Word for word, retype the lines from the one containing "lonely hearts. One" to the one containing "Piraten-Animationsshow mit Maskottchen" below, keeping both end lines and dropping the pictures.

Top of Materials provided

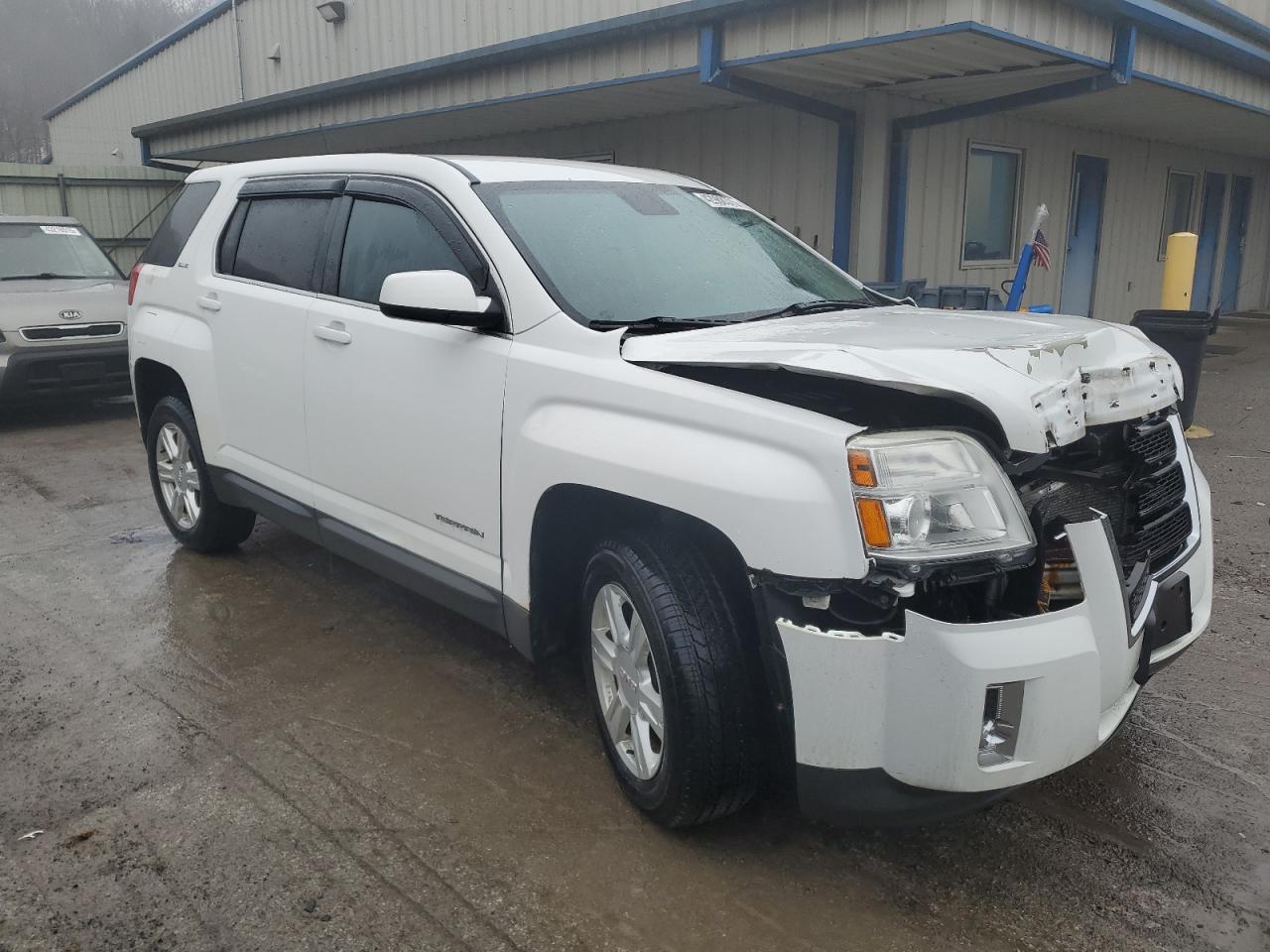 2014 GMC Terrain - Image 4
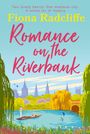 „Two lonely hearts. One medieval city. A whole lot of history.“ Fiona Radcliffe: „Romance on the Riverbank“. Malerische Flusslandschaft.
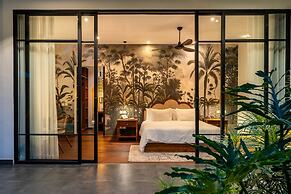 Contemporary Private Villa, 4 BR, Canggu With Staff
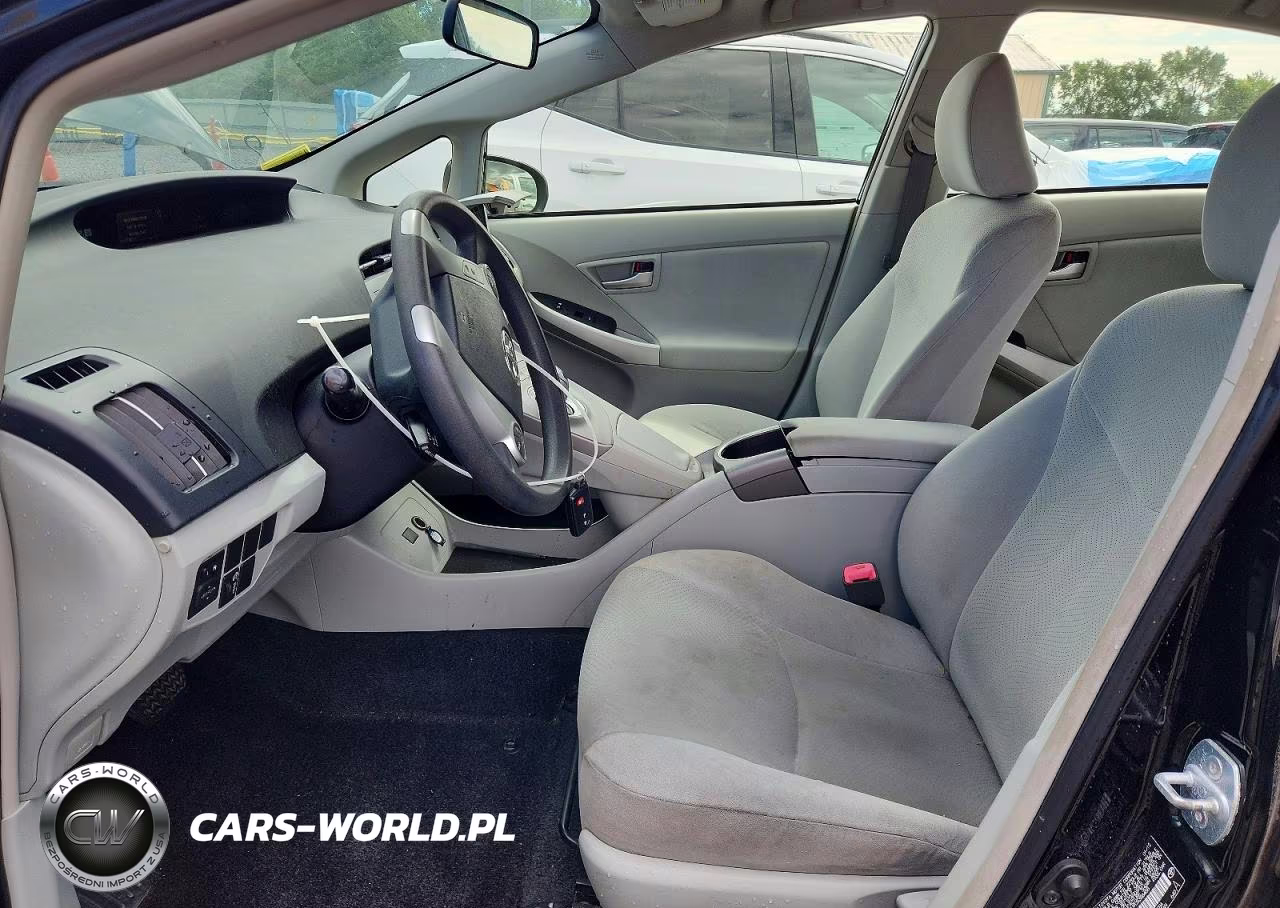 2012 Toyota Prius Two VIN:JTDKN3DU9C5388488 - 7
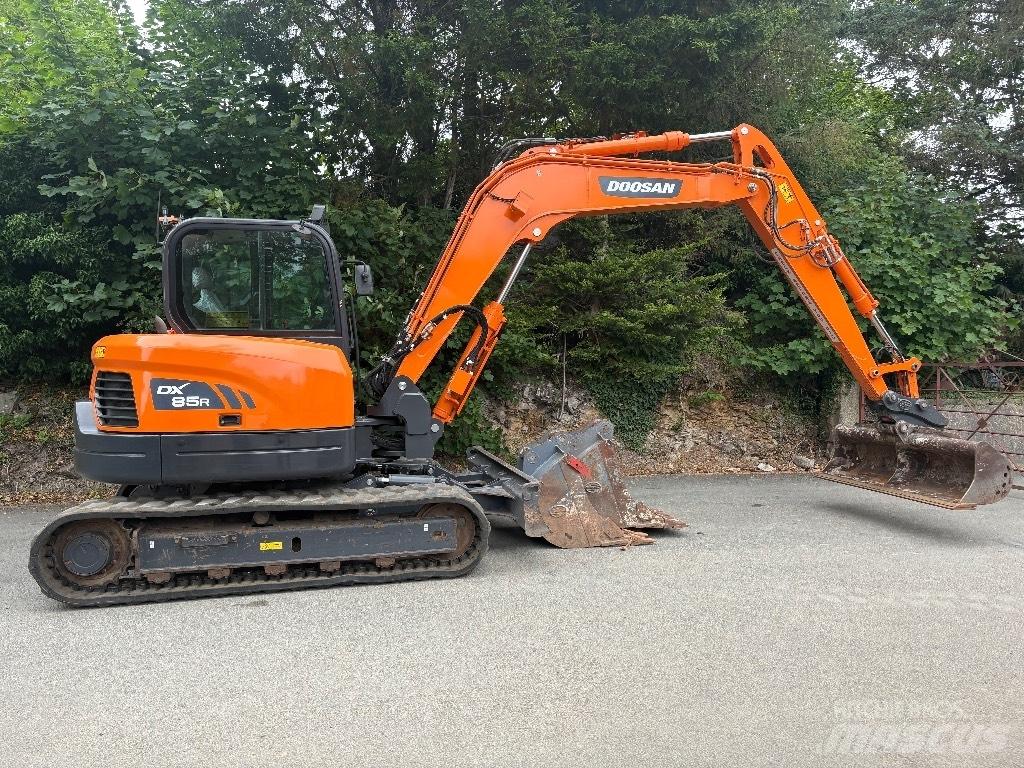 Doosan DX 85 R Midi ekskavatörler 7 - 12 t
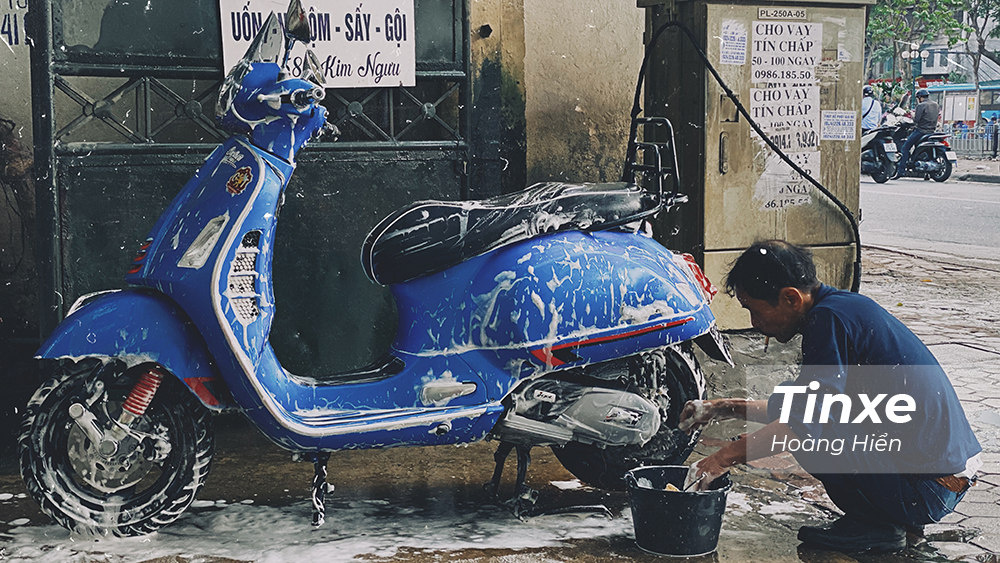 Rửa xe máy những ngày cuối năm lên tới 40.000 đồng/xe.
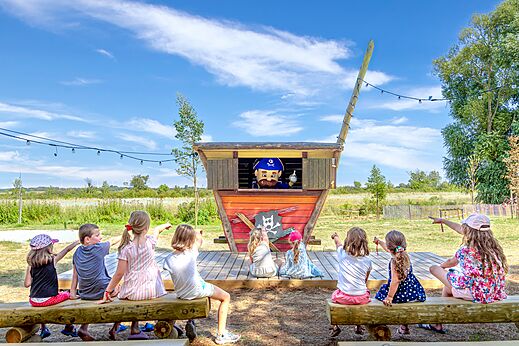 Piraten-Animationsshow mit Maskottchen und Kindern auf dem Campingplatz CAPFUN Zagarella in LONGEVILLE SUR MER (85).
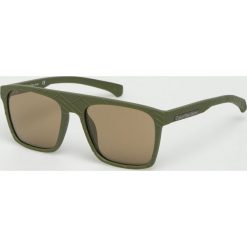 Calvin Klein - Okulary CKJ798S. Zielone okulary przeciwsłoneczne męskie wayfarery marki Calvin Klein, z materiału, prostokątne. W wyprzedaży za 199,90 zł.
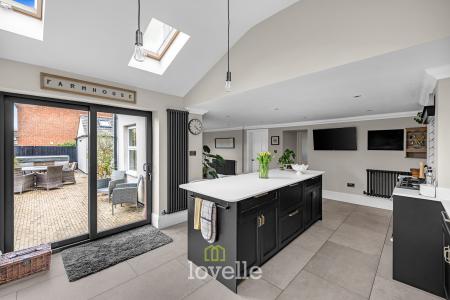 5 bedroom Detached house for sale in Archer Road, Waltham, DN37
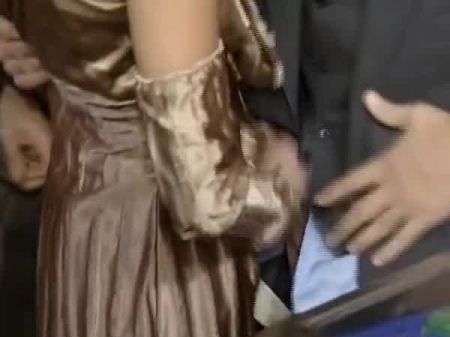 يتم تدمير الفرخ الألماني البري ذو الجسم المذهل بواسطة الديوك المتعددة 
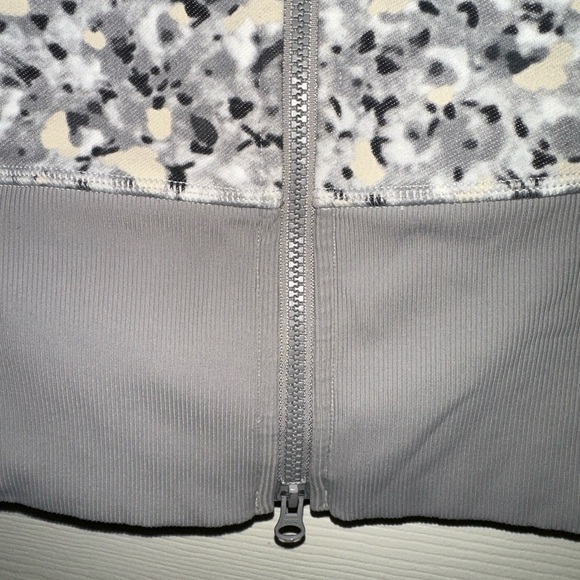 Lululemon rise and shine women’s grey pattern dual full zip jacket 4 athleisure - Picture 4 of 11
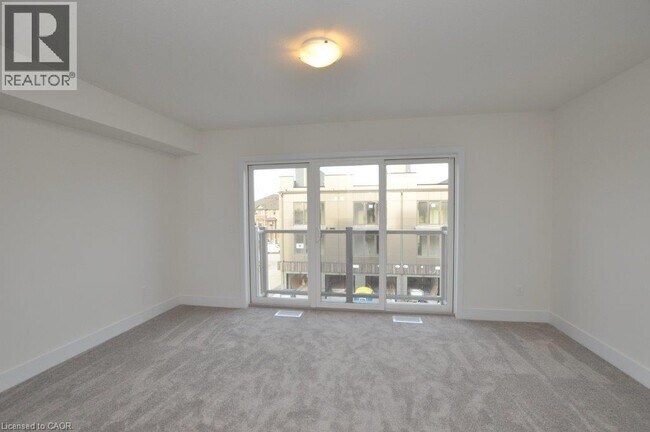 Photo du bâtiment - 261 Skinner Rd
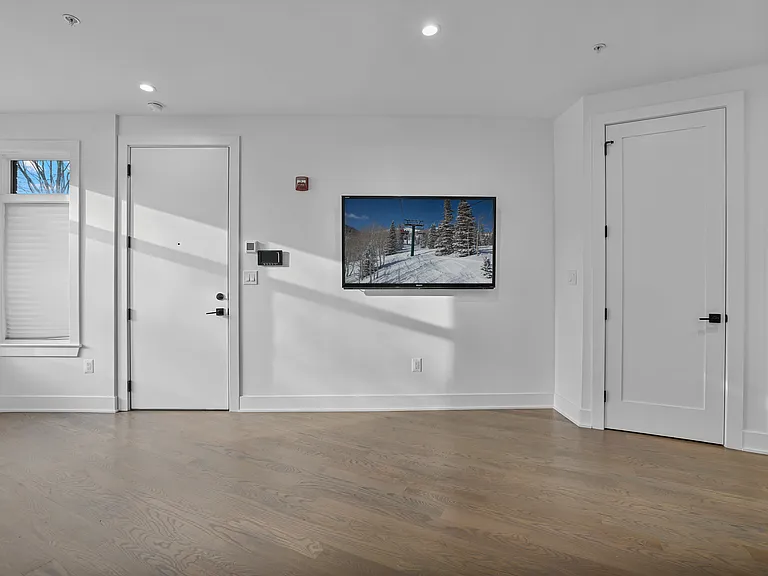 1220 Potomac Ave SE #3 — Photo 4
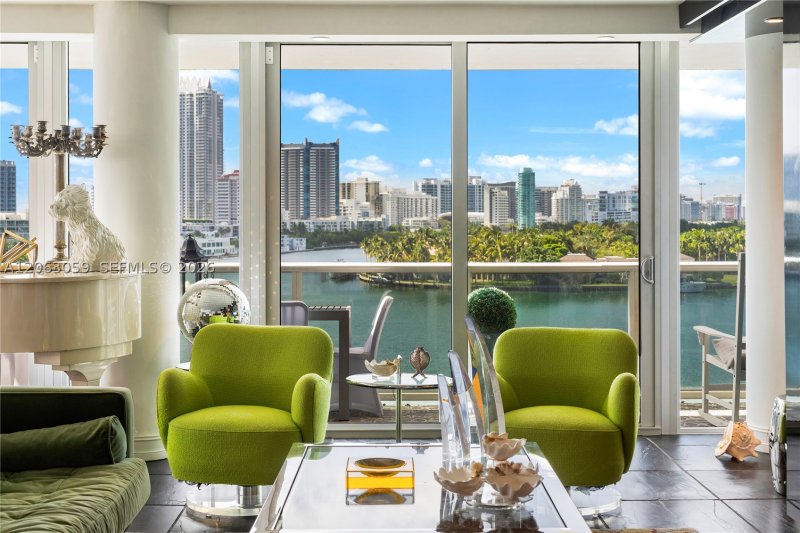 Comprar apartamento en King Cole 702/704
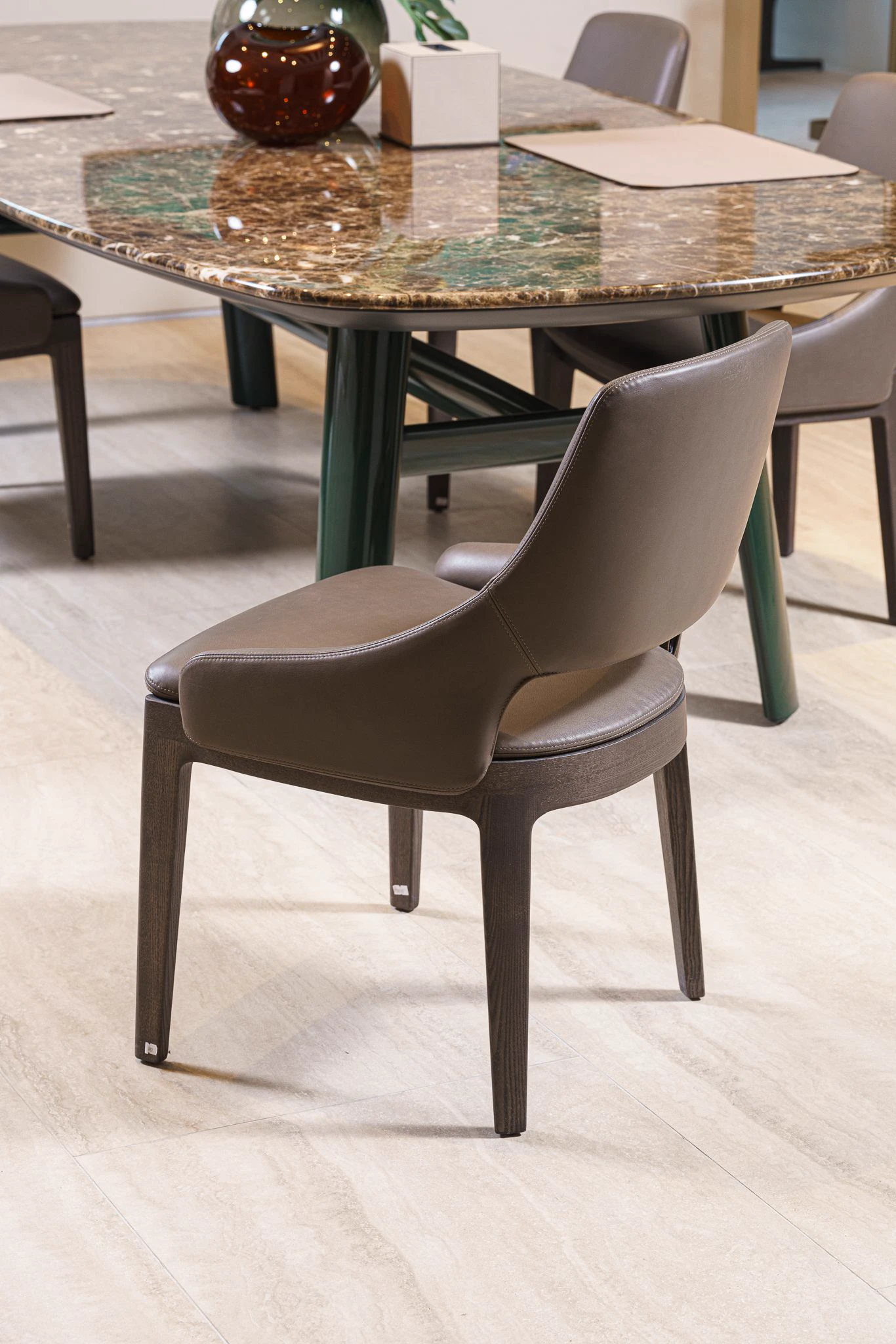 Стул Devon Siria 1235 — Molteni & C, кожа, фото 2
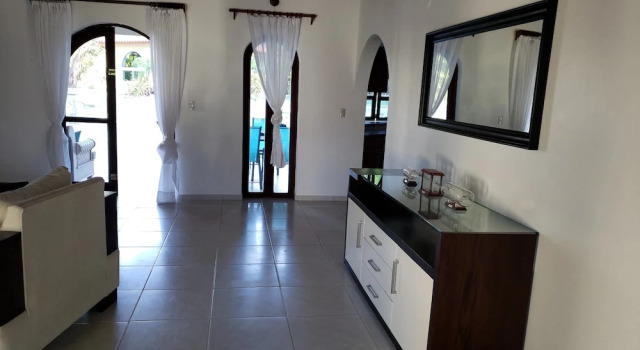 Villa 6 Bedrooms Guests Friendly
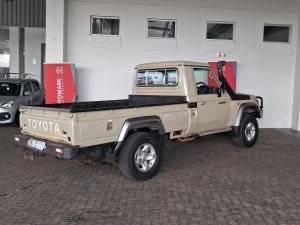 Toyota Land Cruiser 79 4.0 V6 single cab - Image 2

Bottom of Materials provided

# [Expected answer]
 „Two lonely hearts. One medieval city. A whole lot of history.“ Fiona Radcliffe: „Romance on the Riverbank“. Malerische Flusslandschaft.
 Contemporary Private Villa, 4 BR, Canggu With Staff
 2012 Toyota Prius Two VIN:JTDKN3DU9C5388488 - 7
 Doosan DX 85 R Midi ekskavatörler 7 - 12 t
 Rửa xe máy những ngày cuối năm lên tới 40.000 đồng/xe.
 Piraten-Animationsshow mit Maskottchen und Kindern auf dem Campingplatz CAPFUN Zagarella in LONGEVILLE SUR MER (85).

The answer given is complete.